Why is posterior same as prior despite observing data?

I have the following model. (I’ll provide a short “story” which describes what is being modelled, not just the raw model)

Suppose we don’t know what day of the week it is. But we know that the number of buses per hour on the street is distributed according to a Poisson distribution, with rate 10 on weekdays and 3 on the weekends. We observe 4 buses in an hour. What is the probability that it is the weekend?

This is my PyMC3 model:

import pymc3 as pm
import numpy as np

with pm.Model() as model:
    weekend = pm.Bernoulli("weekend", 2/7)
    rate = 3 if weekend else 10
    bus = pm.Poisson("buses", mu=rate, observed=4)
    trace = pm.sample(1000)

np.mean(trace["weekend"])

When I run it, I get the output

Multiprocess sampling (4 chains in 4 jobs)
BinaryGibbsMetropolis: [weekend]
Sampling 4 chains, 0 divergences: 100%|██████████| 6000/6000 [00:01<00:00, 4433.79draws/s] 
0.2785

where 0.2785 is about 2/7. In other words, the trace contains samples from the prior distribution of whether it is the weekend (Bernoulli with p=2/7).

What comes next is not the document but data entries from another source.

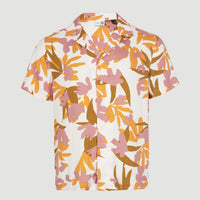 Camorro Shirt | Birch Art Flower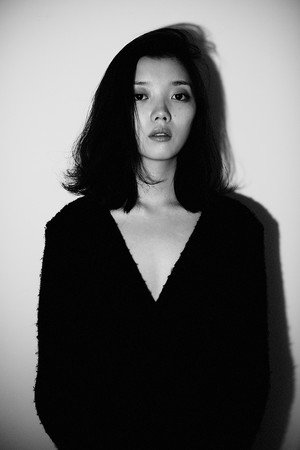 Yun Chi portrait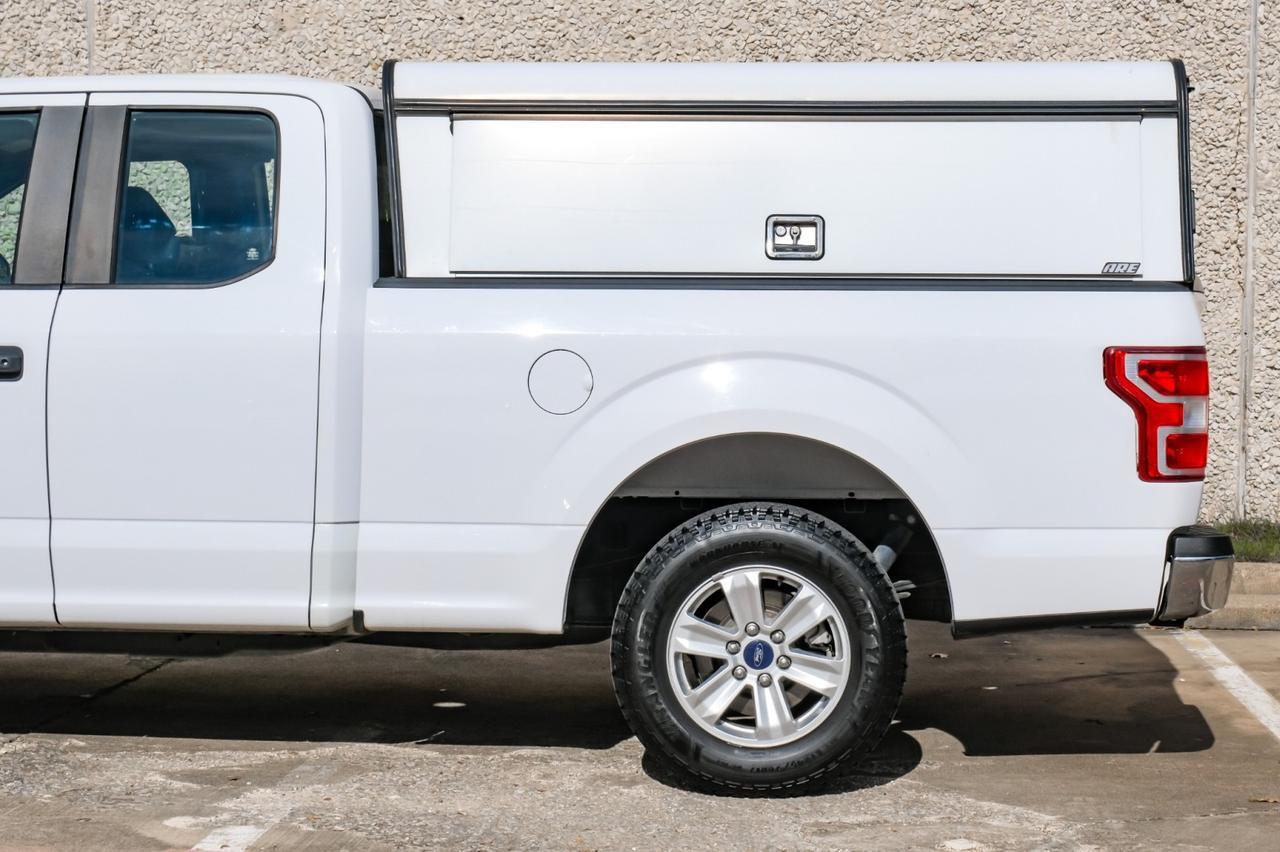 2018 Ford F-150 XL Farmers Branch TX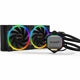 be quiet! Pure Loop 2 FX 240mm AIO Liquid Cooler - ARGB Black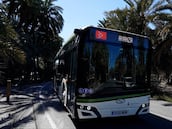 La inversión en tecnología, clave para un transporte público sostenible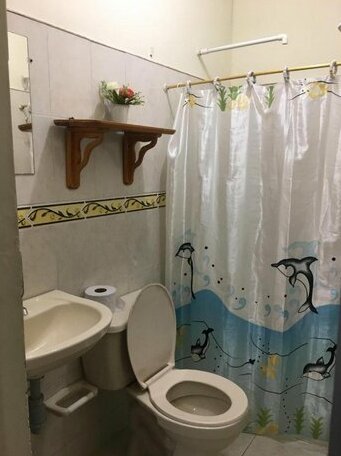 Hostal Princesa Katia - Photo3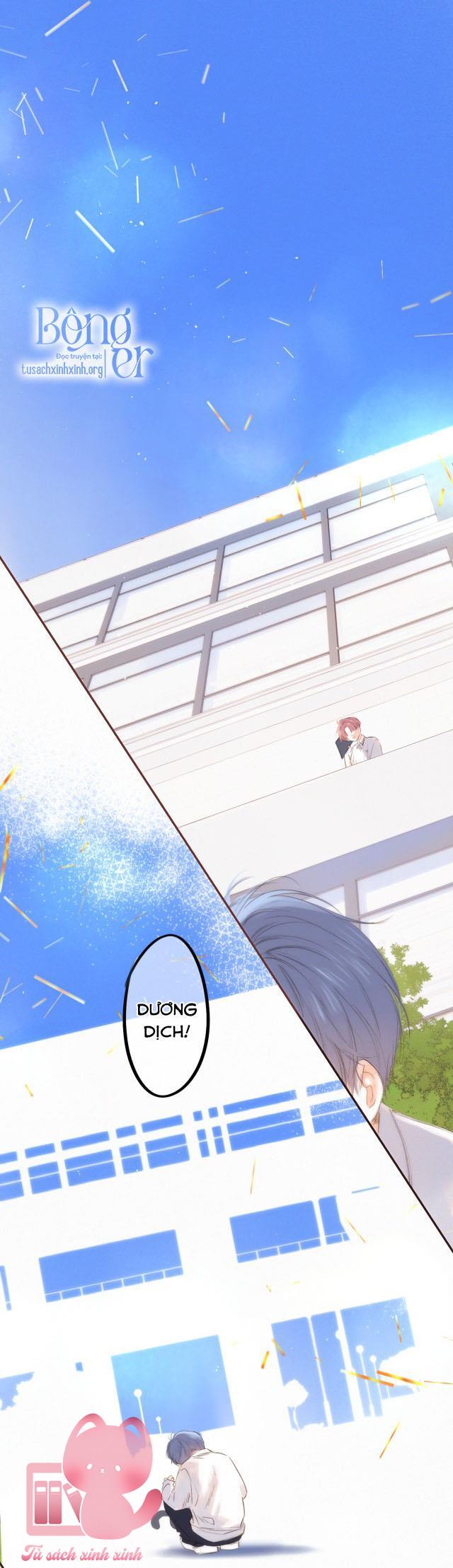 Con Tim Rung Động - Chap 2.1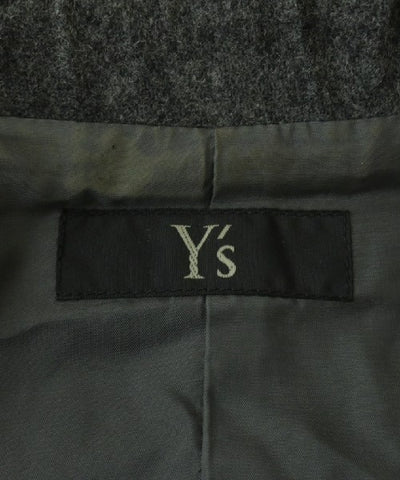 Y's Casual jackets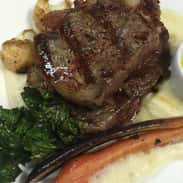 Double R Ranch Signature Ribeye Steak*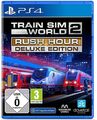 Train Sim World 2 [Rush Hour Deluxe Edition]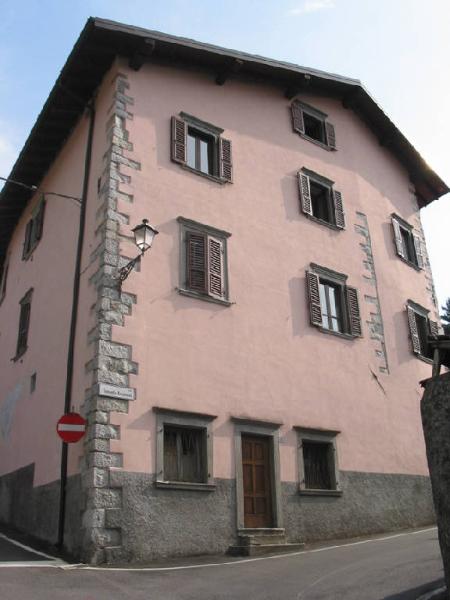 Casa Federici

How do I obtain samples from the posterior distribution (after observing 4 from either of the Poisson distributions)?

I am new to PyMC3 and probabilistic programming (I only followed the first few chapters of Bayesian Methods for Hackers).

Hi, it’s best to not use python if statements in PyMC

There are numerous ways to achieve what you want, here is one

with pm.Model() as model:
    weekend = pm.Bernoulli('weekend', 2/7)
    weekday_rate = 10
    weekend_rate = 3
    rate = weekend*weekend_rate + (1-weekend)*weekday_rate
    bus = pm.Poisson('buses', mu=rate, observed=4)
    trace = pm.sample(1000)

print('Is Weekday? {:.3f}'.format(np.mean(trace['weekend']==0)))
print('Is Weekend? {:.3f}'.format(np.mean(trace['weekend']==1)))
2 Likes

Thanks, this works!

I was also able to use theano's ifelse:

from theano.ifelse import ifelse

with pm.Model() as model:
    weekend = pm.Bernoulli('weekend', 2/7)
    rate = ifelse(weekend, 3, 10)
    bus = pm.Poisson('buses', mu=rate, observed=4)
    trace = pm.sample(10000)

Indeed, the docs for Deterministic say that the var parameter should be a “theano variable”:

pymc3.model.Deterministic(name, var, model=None)¶
Create a named deterministic variable

Parameters
name str
var theano variables

But perhaps it should feature more prominently in the docs (even if this is self-evident for someone who understands how PyMC works under the hood).

1 Like